Description of the task: Could you reproduce the lines below from the one with "Zoom add-in from Outlook" through the one with "A visually engaging"? Keep both ends and add nothing.

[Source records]
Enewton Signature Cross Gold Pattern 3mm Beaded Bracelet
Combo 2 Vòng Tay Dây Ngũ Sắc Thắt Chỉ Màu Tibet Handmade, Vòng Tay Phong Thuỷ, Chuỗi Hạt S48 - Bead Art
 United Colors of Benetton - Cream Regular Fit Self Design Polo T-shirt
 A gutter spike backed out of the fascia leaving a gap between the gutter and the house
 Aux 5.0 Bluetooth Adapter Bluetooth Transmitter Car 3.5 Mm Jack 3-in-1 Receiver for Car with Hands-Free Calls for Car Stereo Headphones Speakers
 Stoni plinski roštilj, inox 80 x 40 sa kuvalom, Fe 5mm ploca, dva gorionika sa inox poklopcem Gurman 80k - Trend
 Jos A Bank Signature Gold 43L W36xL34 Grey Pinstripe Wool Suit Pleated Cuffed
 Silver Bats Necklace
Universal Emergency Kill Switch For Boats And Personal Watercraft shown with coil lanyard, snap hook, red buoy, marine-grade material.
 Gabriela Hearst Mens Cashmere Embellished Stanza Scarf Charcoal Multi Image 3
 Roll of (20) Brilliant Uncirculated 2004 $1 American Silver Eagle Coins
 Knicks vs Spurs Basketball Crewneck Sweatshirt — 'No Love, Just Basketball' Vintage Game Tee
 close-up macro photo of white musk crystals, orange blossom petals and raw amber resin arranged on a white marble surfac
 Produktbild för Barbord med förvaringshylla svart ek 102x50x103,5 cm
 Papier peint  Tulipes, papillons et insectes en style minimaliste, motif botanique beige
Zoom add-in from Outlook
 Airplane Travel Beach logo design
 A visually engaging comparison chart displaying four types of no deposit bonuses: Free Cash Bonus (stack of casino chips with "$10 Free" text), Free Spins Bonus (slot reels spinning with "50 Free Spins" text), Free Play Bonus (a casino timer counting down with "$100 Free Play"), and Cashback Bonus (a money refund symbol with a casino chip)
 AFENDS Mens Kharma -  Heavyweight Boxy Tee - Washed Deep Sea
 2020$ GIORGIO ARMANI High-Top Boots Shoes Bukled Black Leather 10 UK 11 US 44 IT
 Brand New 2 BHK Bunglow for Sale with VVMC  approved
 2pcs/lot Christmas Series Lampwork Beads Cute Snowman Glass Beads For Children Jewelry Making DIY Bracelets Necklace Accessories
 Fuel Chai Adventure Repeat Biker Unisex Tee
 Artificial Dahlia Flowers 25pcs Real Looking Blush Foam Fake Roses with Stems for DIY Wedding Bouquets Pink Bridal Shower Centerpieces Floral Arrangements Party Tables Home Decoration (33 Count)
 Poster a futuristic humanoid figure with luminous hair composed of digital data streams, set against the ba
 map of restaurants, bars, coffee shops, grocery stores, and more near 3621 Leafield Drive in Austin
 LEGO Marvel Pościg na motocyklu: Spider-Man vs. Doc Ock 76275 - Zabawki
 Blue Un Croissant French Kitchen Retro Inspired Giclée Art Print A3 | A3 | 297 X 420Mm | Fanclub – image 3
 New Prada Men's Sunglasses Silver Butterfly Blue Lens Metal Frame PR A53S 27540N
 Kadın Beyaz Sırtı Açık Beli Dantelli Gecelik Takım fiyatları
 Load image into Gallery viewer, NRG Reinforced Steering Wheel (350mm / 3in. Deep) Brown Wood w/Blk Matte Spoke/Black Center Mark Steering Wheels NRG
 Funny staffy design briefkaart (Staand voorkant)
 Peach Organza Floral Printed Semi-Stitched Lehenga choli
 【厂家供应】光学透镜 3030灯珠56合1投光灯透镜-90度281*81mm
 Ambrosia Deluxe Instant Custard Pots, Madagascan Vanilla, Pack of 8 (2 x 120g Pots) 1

Exercise solution:
Zoom add-in from Outlook
 Airplane Travel Beach logo design
 A visually engaging comparison chart displaying four types of no deposit bonuses: Free Cash Bonus (stack of casino chips with "$10 Free" text), Free Spins Bonus (slot reels spinning with "50 Free Spins" text), Free Play Bonus (a casino timer counting down with "$100 Free Play"), and Cashback Bonus (a money refund symbol with a casino chip)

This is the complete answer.